5. Missing or Broken Items
Your child may come home with broken personal or school related items if he is being bullied. He may also have items stolen from him while he is at school. Be mindful of:
- Your child's belongings and which ones are damaged or missing
- Certain items that your child refused to take to school because of their emotional value
- Your child being upset or angry about the items that are missing or damaged
- Your child may try to hide his emotional response when questioned about the missing or damaged items
What You Can Do
Stay in touch with your child's teacher, especially if you start to notice things that go missing or get damaged. Make sure to speak with your child's teacher to see if she knows what might have happened to the things. Also, make sure your child feels like you support her and believe her if she discloses what happened.

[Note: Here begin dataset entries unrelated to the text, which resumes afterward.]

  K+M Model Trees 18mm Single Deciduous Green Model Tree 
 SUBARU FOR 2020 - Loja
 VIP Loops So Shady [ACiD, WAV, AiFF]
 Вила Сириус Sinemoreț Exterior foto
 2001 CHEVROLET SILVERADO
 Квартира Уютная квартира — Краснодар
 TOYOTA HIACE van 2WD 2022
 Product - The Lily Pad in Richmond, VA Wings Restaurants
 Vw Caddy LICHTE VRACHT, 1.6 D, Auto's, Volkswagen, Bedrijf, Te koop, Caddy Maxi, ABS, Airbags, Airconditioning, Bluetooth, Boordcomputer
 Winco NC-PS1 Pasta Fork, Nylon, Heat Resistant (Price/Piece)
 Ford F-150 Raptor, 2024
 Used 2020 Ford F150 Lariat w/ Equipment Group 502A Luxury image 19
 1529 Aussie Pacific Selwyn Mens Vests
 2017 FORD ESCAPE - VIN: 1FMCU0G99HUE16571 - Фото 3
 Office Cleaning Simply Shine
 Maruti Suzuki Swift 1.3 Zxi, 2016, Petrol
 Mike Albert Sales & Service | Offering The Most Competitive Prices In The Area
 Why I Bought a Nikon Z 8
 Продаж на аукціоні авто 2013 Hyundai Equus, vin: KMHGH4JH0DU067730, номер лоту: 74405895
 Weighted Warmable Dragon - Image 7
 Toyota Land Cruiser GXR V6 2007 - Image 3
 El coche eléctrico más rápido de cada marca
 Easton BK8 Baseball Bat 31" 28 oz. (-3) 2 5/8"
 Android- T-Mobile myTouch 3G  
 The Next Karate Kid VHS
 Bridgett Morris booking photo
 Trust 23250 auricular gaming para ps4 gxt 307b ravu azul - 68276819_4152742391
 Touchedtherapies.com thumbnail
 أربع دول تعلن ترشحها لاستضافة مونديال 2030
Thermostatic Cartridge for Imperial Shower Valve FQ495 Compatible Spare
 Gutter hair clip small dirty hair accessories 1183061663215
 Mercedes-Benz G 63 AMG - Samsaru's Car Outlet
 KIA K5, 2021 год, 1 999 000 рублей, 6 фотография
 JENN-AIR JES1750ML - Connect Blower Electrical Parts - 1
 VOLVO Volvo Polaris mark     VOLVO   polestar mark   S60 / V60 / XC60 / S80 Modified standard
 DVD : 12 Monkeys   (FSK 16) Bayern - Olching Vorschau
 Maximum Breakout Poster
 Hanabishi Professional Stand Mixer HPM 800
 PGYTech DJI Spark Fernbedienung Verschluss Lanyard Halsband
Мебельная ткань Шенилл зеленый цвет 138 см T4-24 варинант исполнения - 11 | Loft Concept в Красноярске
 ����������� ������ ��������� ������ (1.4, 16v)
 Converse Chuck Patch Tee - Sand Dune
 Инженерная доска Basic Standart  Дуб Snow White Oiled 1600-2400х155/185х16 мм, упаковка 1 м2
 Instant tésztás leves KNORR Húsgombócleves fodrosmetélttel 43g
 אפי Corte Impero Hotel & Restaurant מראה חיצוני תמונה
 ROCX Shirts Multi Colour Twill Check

6. Changes in School Performance
Children who are bullied tend to have a difficult time being present in the classroom because of the hostile environment that they are subject to. You may notice:
- His teacher may ask to meet with you because of his withdrawn behavior
- She may ditch a class that she has with the bully or the entire day altogether
- He may show a lack of effort toward school work despite typically having high grades and an interest in learning the material.
What You Can Do
The first thing you should do is check in with their teacher if you begin to notice these signs. She may have additional insight as to how to handle the situation. Encourage your child to speak with her teacher as well or go to a peer counselor at school. Believe your child and provide emotional support if she decides to talk about being bullied.
Helping Your Child
Bullying puts children at an increased risk for developing psychosomatic disorders so it is critical that you pay attention to the subtle warning signs that your child is showing you. In all scenarios, it's important to try to address the bullying behavior via the school (or other authority in charge where the bullying is happening.)
By being proactive, you can help your child find a healthy outlet for her emotions and ensure her physical and emotional safety. If possible, begin speaking to your child about bullying when they start school and continue the conversation as they get older. That way, it will be a normalized topic of discussion and may be easier for your child to discuss with you if it comes up.